_TASK PROMPT_: The answer should contain only the lines from the beginning of the entries through the line that holds "Finishing off the", given again exactly, with no pictures.

◇ ◇ ◇ ◇

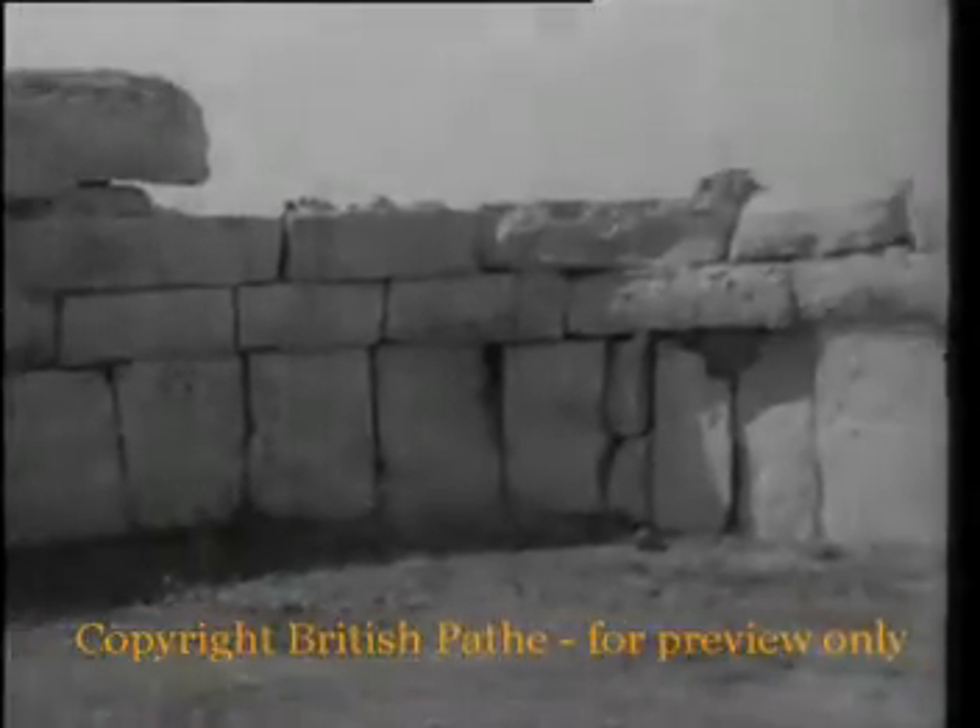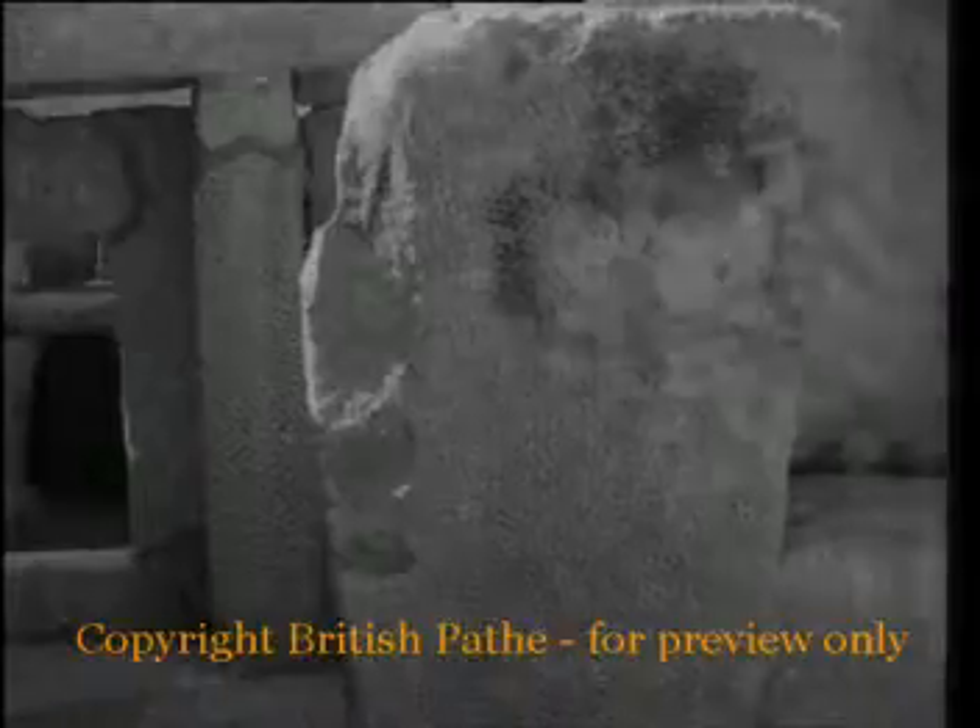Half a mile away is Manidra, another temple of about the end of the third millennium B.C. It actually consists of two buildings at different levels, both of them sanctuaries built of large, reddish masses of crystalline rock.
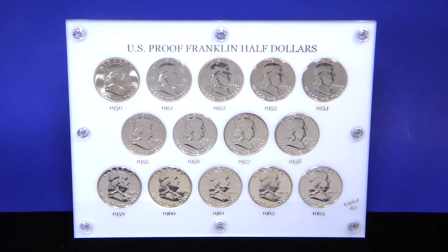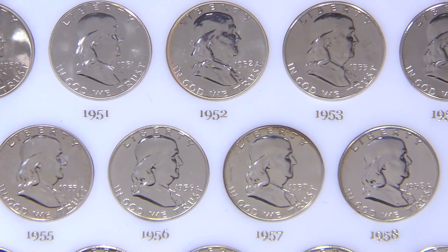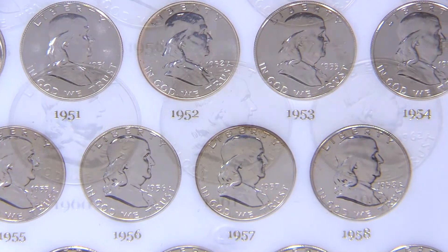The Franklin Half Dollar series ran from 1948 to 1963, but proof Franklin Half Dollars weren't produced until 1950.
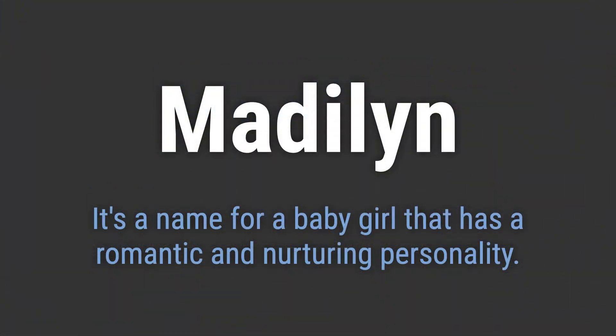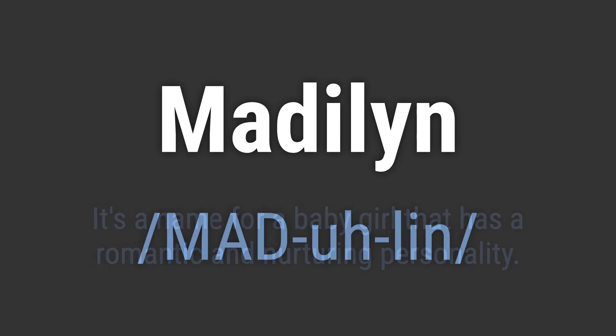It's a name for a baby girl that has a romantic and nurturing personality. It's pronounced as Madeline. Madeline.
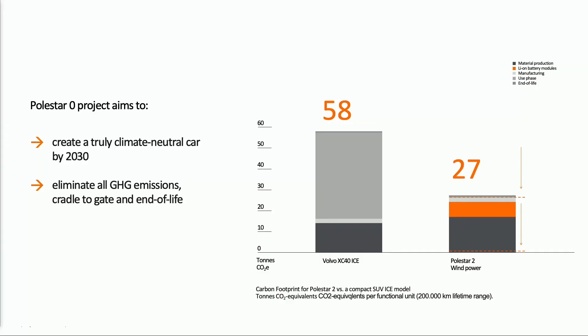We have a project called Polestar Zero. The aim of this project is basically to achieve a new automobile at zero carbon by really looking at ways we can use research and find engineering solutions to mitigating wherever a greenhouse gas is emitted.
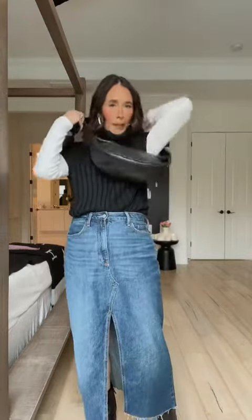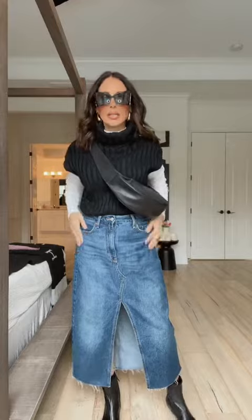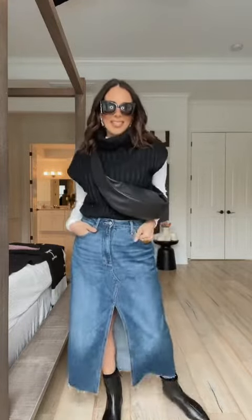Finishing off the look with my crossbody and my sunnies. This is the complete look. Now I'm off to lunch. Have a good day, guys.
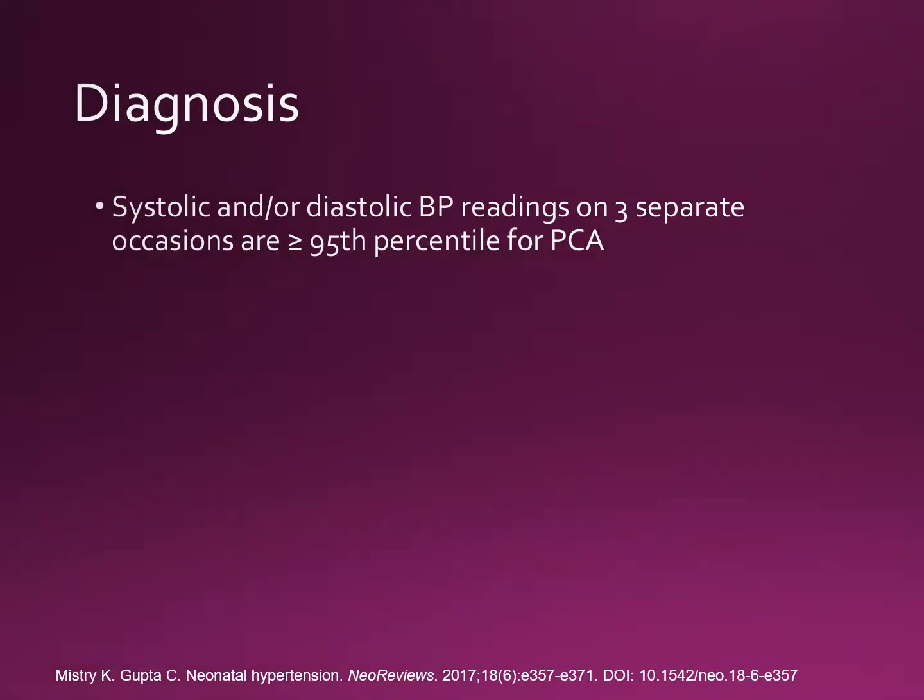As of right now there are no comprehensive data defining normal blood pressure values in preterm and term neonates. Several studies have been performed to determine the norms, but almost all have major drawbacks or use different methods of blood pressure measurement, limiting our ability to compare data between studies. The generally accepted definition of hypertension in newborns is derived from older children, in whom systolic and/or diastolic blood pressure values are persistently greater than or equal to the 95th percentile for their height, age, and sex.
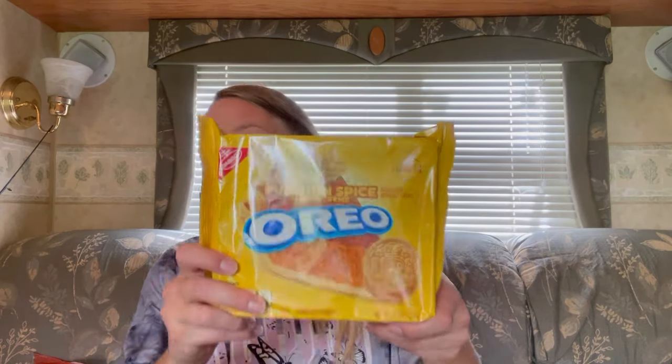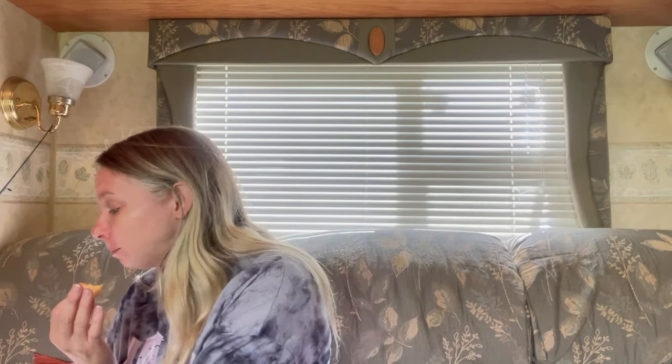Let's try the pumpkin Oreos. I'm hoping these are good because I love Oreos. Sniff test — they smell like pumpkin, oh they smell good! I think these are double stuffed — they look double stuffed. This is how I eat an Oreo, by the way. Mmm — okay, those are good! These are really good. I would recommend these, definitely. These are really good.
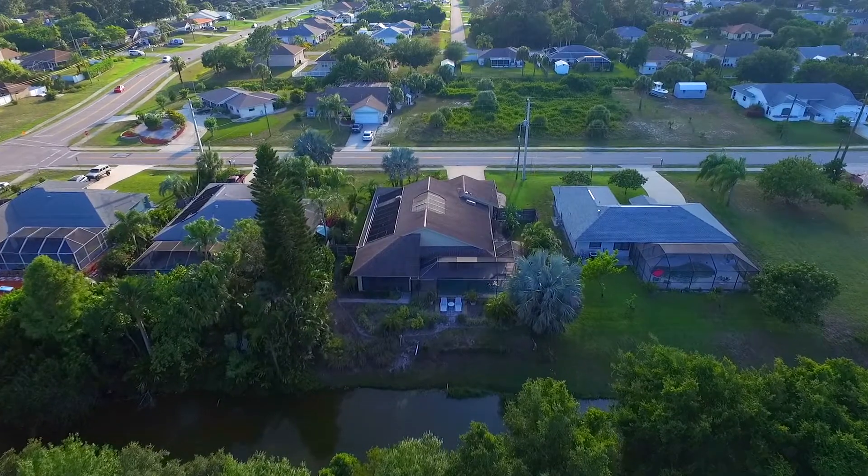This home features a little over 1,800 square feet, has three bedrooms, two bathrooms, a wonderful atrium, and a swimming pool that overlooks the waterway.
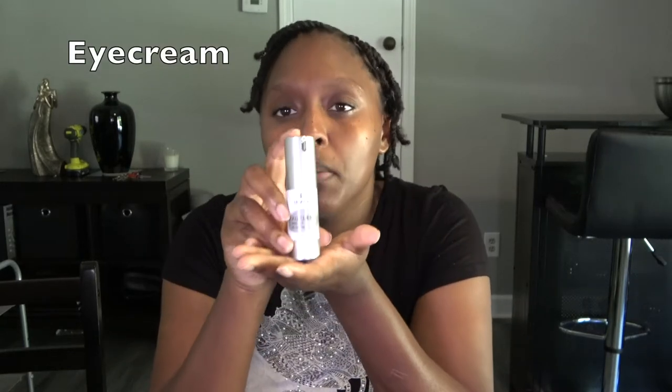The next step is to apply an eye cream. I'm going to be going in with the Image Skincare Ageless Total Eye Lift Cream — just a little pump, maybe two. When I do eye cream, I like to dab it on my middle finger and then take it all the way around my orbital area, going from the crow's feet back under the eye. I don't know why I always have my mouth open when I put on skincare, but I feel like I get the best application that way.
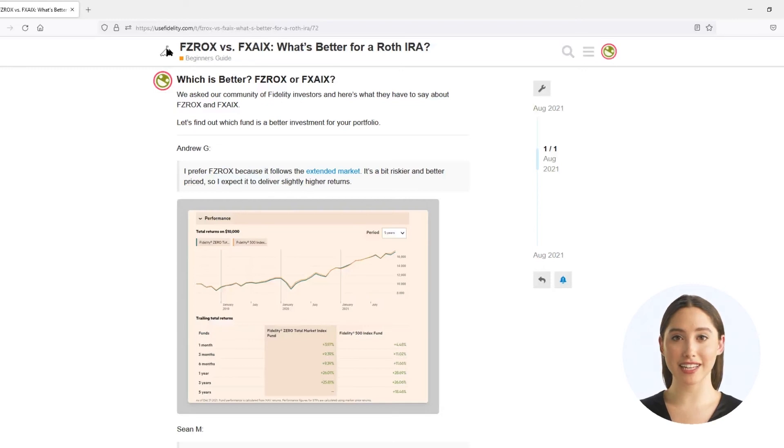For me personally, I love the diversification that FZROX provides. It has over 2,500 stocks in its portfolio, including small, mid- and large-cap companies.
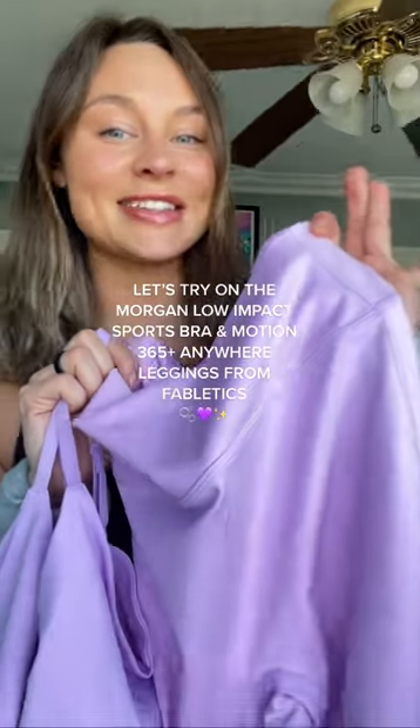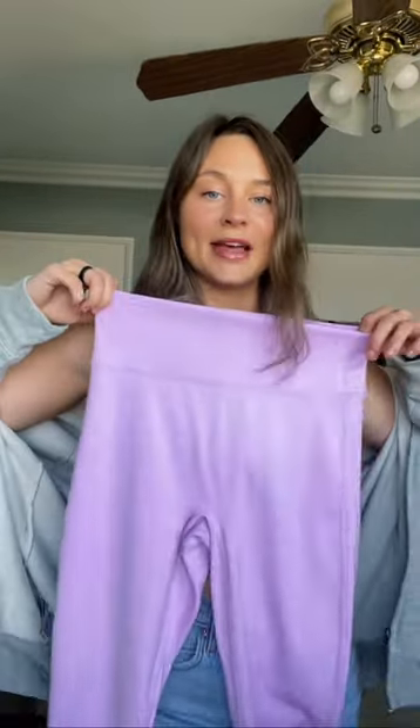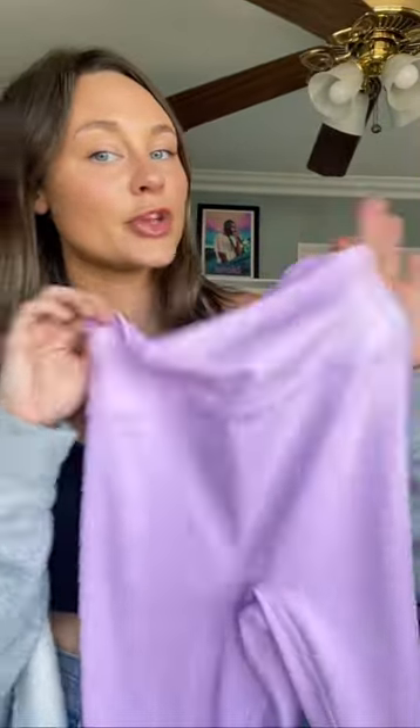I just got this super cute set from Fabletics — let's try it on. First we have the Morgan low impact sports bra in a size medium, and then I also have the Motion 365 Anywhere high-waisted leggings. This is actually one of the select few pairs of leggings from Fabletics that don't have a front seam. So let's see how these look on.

◇ ◇ ◇ ◇

_RESULT_:
Half a mile away is Manidra, another temple of about the end of the third millennium B.C. It actually consists of two buildings at different levels, both of them sanctuaries built of large, reddish masses of crystalline rock.
The Franklin Half Dollar series ran from 1948 to 1963, but proof Franklin Half Dollars weren't produced until 1950.
It's a name for a baby girl that has a romantic and nurturing personality. It's pronounced as Madeline. Madeline.
We have a project called Polestar Zero. The aim of this project is basically to achieve a new automobile at zero carbon by really looking at ways we can use research and find engineering solutions to mitigating wherever a greenhouse gas is emitted.
Finishing off the look with my crossbody and my sunnies. This is the complete look. Now I'm off to lunch. Have a good day, guys.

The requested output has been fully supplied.